Single by Lil Mosey and BlocBoy JB

from the album Northsbest
- Released: October 4, 2018
- Genre: Hip hop; trap;
- Length: 2:43
- Label: Mogul Vision; Interscope;
- Songwriters: Lathan Echols; James Baker; Royce Pearson;
- Producer: Royce David

Lil Mosey singles chronology
| "Noticed" (2018) | "Yoppa" (2018) | "K For Christmas" (2018) |

BlocBoy JB singles chronology
| "Let It Go" (2018) | "Yoppa" (2018) | "Don't Say That" (2018) |

Music video
- "Yoppa" on YouTube

= Yoppa (song) =

Song by Lil Mosey and BlocBoy JB

"Yoppa" is a song recorded by American rappers Lil Mosey and BlocBoy JB, released on October 4, 2018, as the fourth single from Mosey's debut studio album Northsbest.
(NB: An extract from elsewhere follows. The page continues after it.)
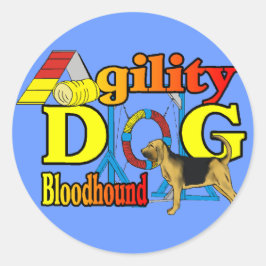 Blutschwund-Agility-Geschenke Runder Aufkleber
The song was produced by Royce David, who has produced most of his songs. "Yoppa" is the only song on Northsbest featuring a guest appearance.

==Composition==
The song was described as having an "upbeat melody paired with smooth beats as the two (Lil Mosey and BlocBoy JB) effortlessly breeze through lyrics." The rappers talk about their luxurious and confident lifestyles and how "ill-advised it be to step to them, lest they face the repercussions."

==Music video==
The official music video was uploaded to Lil Mosey's Vevo channel on YouTube on January 29, 2019 and was directed by RaheemisBlind. In it, Mosey and BlocBoy appear as employees of a mattresses store named Northsbest Mattresses. After getting lambasted by their boss, Mosey and BlocBoy convert the place into a trap house, in which some individuals later entered carrying briefcases consisting of what was initially believed to be weapons. They were later revealed to be water guns. Mosey and BlocBoy then continue to celebrate by making it rain in the store.

== Critical reception ==
The song received generally positive reviews. Emina Lukarcanin of Billboard called the track "lyrical". Kevin Goddard of HotNewHipHop called the track "bouncy".